Santa Brigida is a convent church dedicated to St Bridget of Sweden and the Swedish national church in Rome. It was also known as Santa Brigida a Campo de' Fiori since it was built on what was then part of Campo de' Fiori but is now the urbanistically distinct Piazza Farnese.

==History==

A first building rose during the pontificate of Boniface IX (1389–1404) but was later abandoned. In 1513, Peder Månsson, later (1524) Bishop of Västerås in Sweden, erected a new church. It was officially granted to the Bishop of Uppsala by Pope Paul III (1534–1549).

It was restored in the early 18th century by Pope Clement XI (1700–1721).

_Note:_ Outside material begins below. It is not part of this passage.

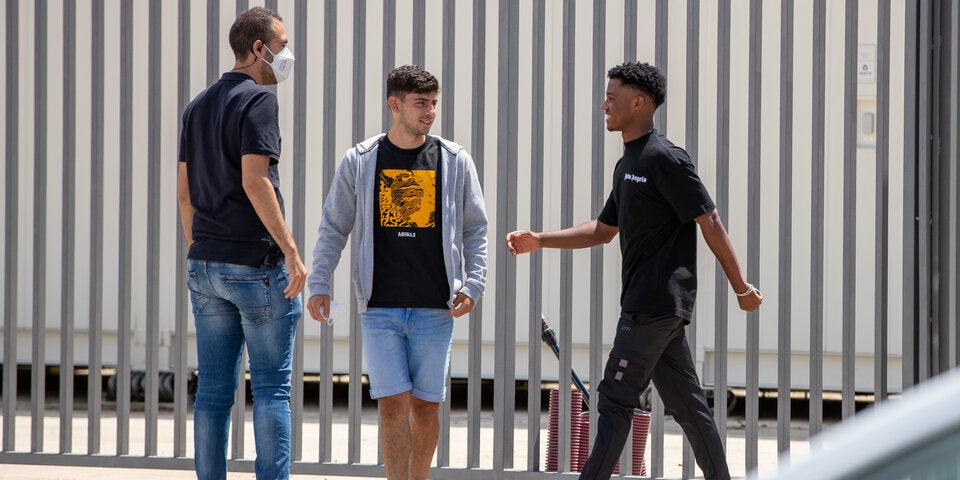 Yusuf Demir und Ansu Fati auf dem Trainingsgelände des FC Barcelona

In 1828, Pope Leo XII gave the convent and church to the Canons of Santa Maria in Trastevere. They did not have the means to restore it, and gave it to the Congregation of Holy Cross, a French congregation, in 1855. They restored the church and the rooms of St Bridget in 1857–1858.

The next owner was a Polish branch of the Carmelite Order, to whom the convent and church was given in 1889. They held it until 1930, when it was returned to the Bridgittine Order.

The paintings in the church were restored before the Bridgittine jubilee of 1991.

==Exterior==

The façade was constructed in 1705 and adorned with statues of St Brigid and her daughter St Catherine by Andrea Fucigna. Minor changes, such as the shapes of the windows, were made in the 19th century.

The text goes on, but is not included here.